Re: Let's discuss about unicode compositions for filenames!

2012-02-11 Thread Hiroaki Nakamura
2012/2/9 Markus Schaber m.scha...@3s-software.com:
 Hi,

 Von: Stefan Sperling [mailto:s...@elego.de]

 On Thu, Feb 09, 2012 at 12:20:14AM +0900, Hiroaki Nakamura wrote:
  [Upgrade options / backwards compatibility for proposed unicode 
  normalization fix]

 - Need to re-checkout existing working copies of the repository?
   = Yes, but only if config is changed from the default.

 Maybe this could even be avoided if newer clients (or an utility script) can 
 upgrade the working copy to the normalized format.

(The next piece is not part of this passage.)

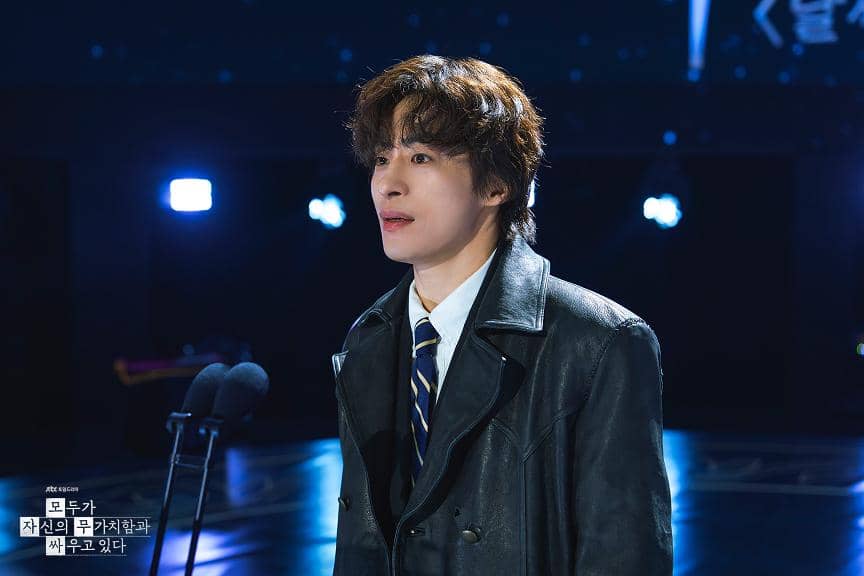 Penjelasan Ending We Are All Trying Here, Hwang Dong Man Sukses?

Yes, if the working copy does not have filename collisions. However,
for compatibility,
we cannot let newer clients upgrade working copies automatically
because existing
working copies may have filename collisions.


 Best regards

 Markus Schaber
 --
 ___
 We software Automation.

 3S-Smart Software Solutions GmbH
 Markus Schaber | Developer
 Memminger Str. 151 | 87439 Kempten | Germany | Tel. +49-831-54031-0 | Fax 
 +49-831-54031-50

 Email: m.scha...@3s-software.com | Web: http://www.3s-software.com
 CoDeSys internet forum: http://forum.3s-software.com
 Download CoDeSys sample projects: 
 http://www.3s-software.com/index.shtml?sample_projects

 Managing Directors: Dipl.Inf. Dieter Hess, Dipl.Inf. Manfred Werner | Trade 
 register: Kempten HRB 6186 | Tax ID No.: DE 167014915



-- 
中村 弘輝 )Hiroaki Nakamura) hnaka...@gmail.com


Re: Let's discuss about unicode compositions for filenames!

2012-02-11 Thread Hiroaki Nakamura
Hi,

2012/2/9 Thomas Åkesson tho...@akesson.cc:
 Hi,
 I have been interested in this issue for a couple of years and I remember it 
 was discussed briefly at Subconf in Germany a couple of years ago.

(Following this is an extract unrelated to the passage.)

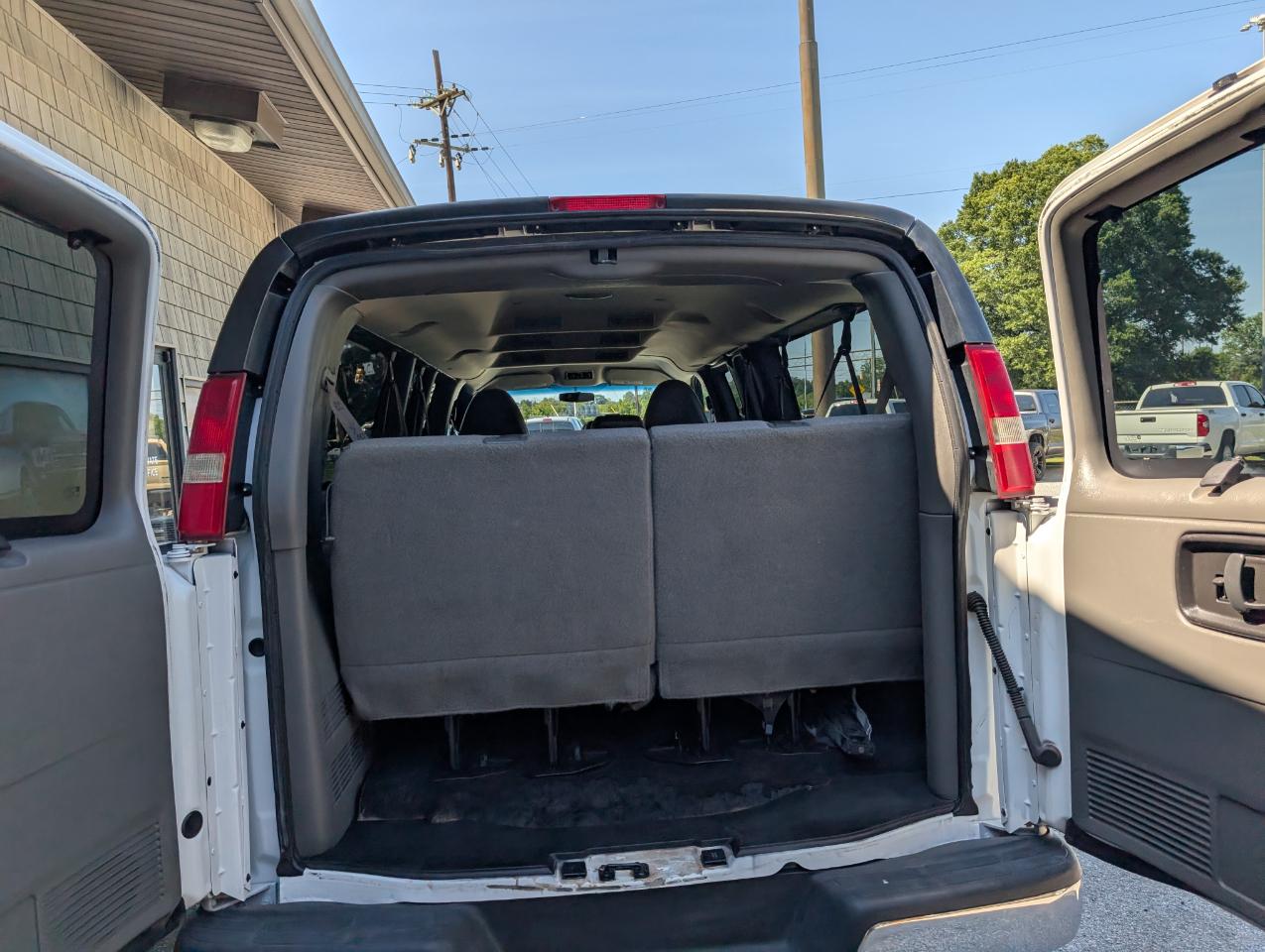 Chevrolet Express Passenger  2013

 Branching the thread here because I'd like to propose a different approach 
 than Hiroaki. This proposition is not very different from the note 
 unicode-composition-for-filenames or what Peter S, Neels and others 
 suggested, perhaps just combining 2 changes slightly differently.

 This is based on my limited understanding of WC-NG, please correct me if I 
 make incorrect assumptions.

 - Server will still accept both NFC and NFD, however, it will no longer 
 accept collisions. Enforced by normalising to NFD before uniqueness checks 
 during add operations (yes, might be more expensive). There will be no 
 unified normalisation, but the subversion server will work like most 
 filesystems; return what was given to it.

For compatibility, we cannot ignore existing repositories and working
copies which have filename
collisions. So we cannot enforce subversion servers and clients to
normalize filenames.
We must let users to choose whether filenames are normalized or not
per repository.

-- 
)Hiroaki Nakamura) hnaka...@gmail.com


Re: Let's discuss about unicode compositions for filenames!

2012-02-11 Thread Branko Čibej
On 11.02.2012 13:05, Hiroaki Nakamura wrote:
 2012/2/9 Markus Schaber m.scha...@3s-software.com:
 Hi,

 Von: Stefan Sperling [mailto:s...@elego.de]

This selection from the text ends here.